→ **Work to be completed**
Please reproduce the lines of the records below from the one holding "Bedroom Two En Suite" through the one holding "Изображение 2 2016", inclusive, skipping all pictures.

# # # # #

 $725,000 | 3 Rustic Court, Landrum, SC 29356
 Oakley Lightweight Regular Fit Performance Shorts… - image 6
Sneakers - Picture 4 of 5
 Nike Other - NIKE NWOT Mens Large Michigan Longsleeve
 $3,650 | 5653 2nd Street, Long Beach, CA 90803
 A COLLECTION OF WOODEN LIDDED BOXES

# # # # #

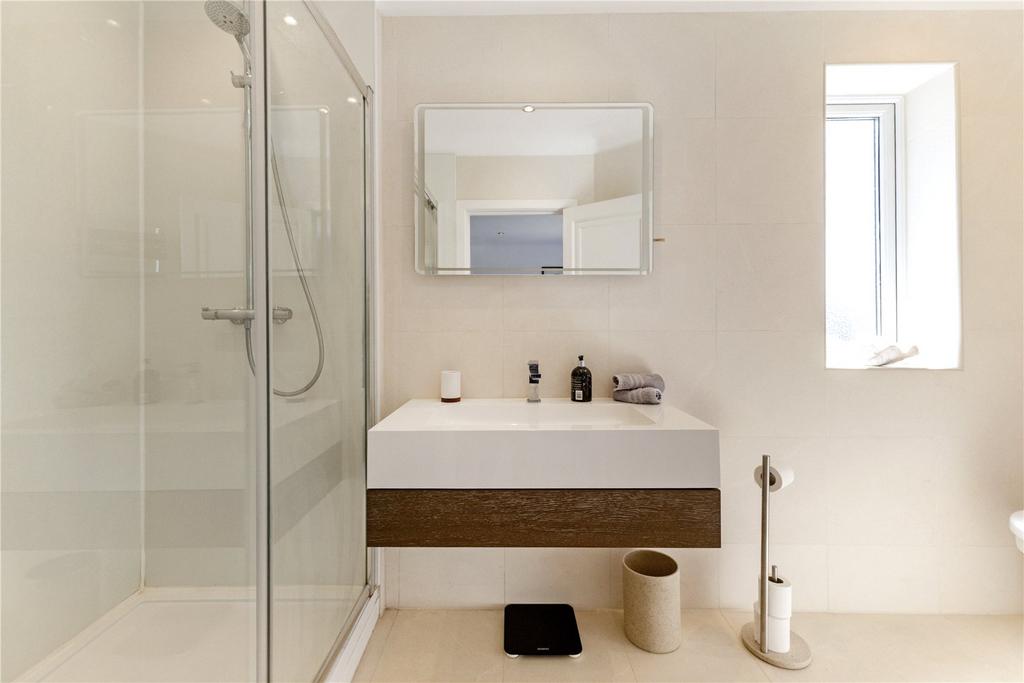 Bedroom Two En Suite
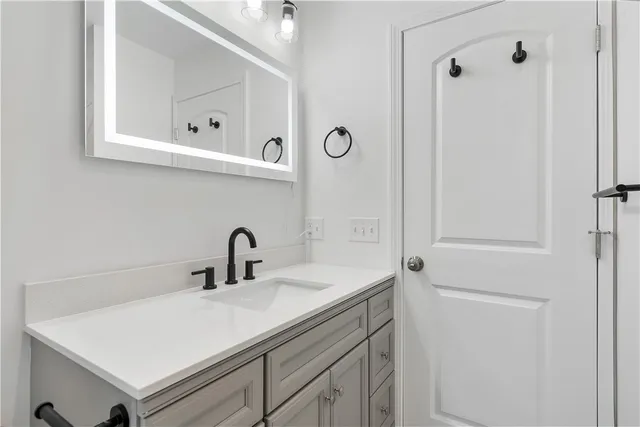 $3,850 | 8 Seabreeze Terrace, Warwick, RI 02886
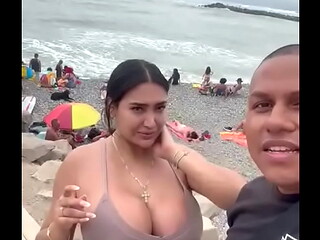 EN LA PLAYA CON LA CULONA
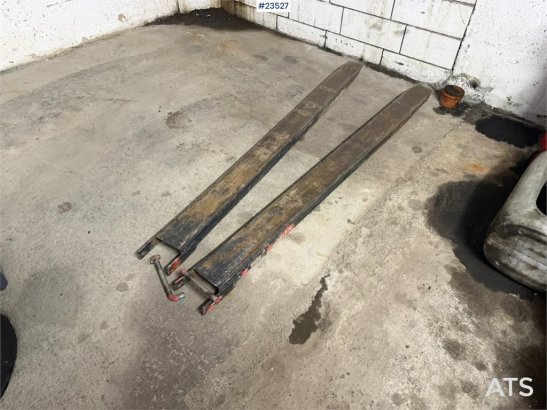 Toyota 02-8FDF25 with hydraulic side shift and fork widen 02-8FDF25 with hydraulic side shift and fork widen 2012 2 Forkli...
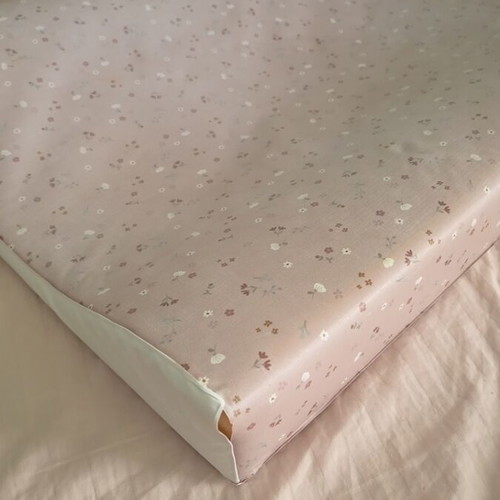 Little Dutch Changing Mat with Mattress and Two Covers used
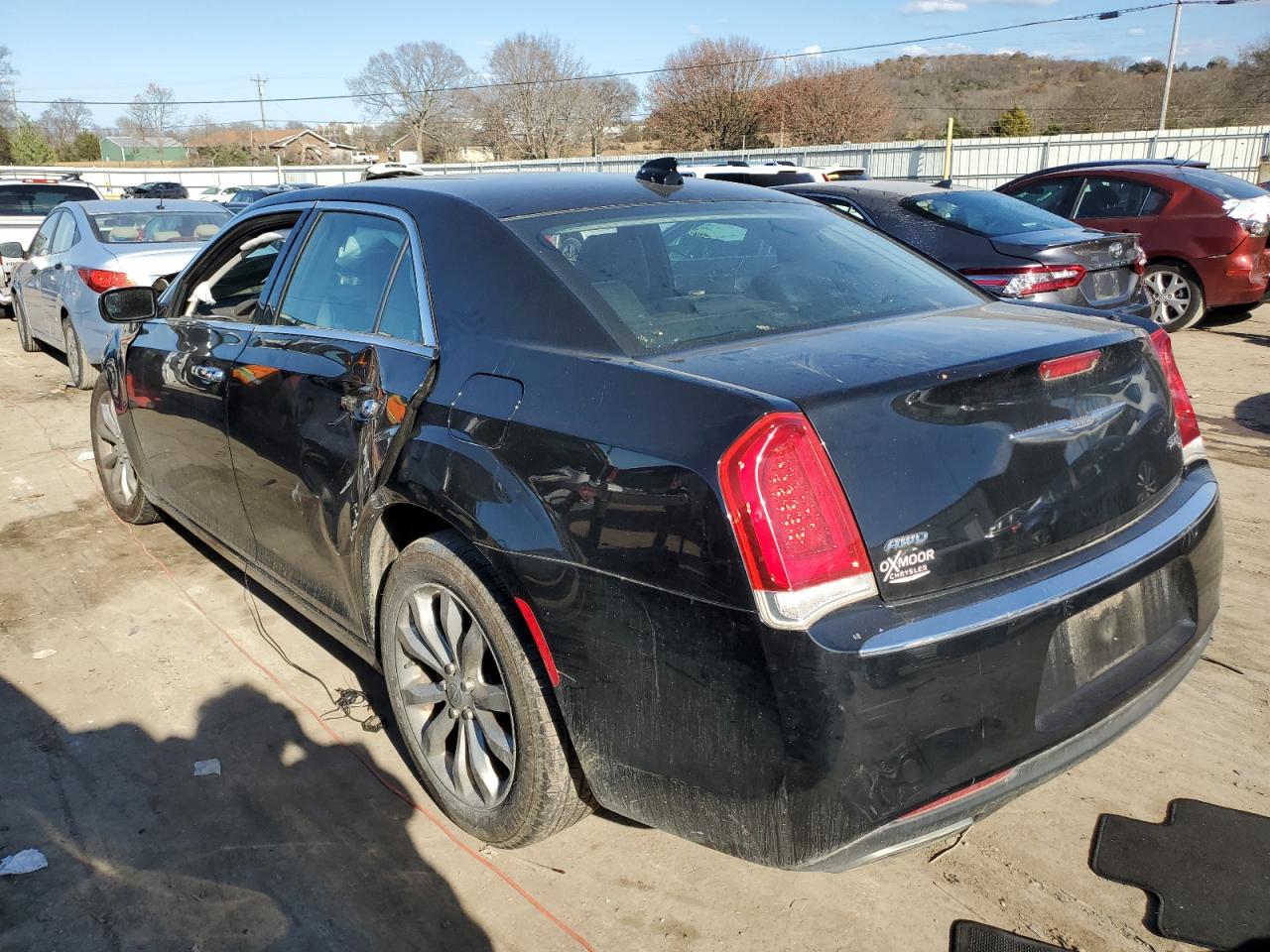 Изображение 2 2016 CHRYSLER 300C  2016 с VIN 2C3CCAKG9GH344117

# # # # #

→ **Output of the exercise**
 Bedroom Two En Suite
 $3,850 | 8 Seabreeze Terrace, Warwick, RI 02886
 EN LA PLAYA CON LA CULONA
 Toyota 02-8FDF25 with hydraulic side shift and fork widen 02-8FDF25 with hydraulic side shift and fork widen 2012 2 Forkli...
 Little Dutch Changing Mat with Mattress and Two Covers used
 Изображение 2 2016 CHRYSLER 300C  2016 с VIN 2C3CCAKG9GH344117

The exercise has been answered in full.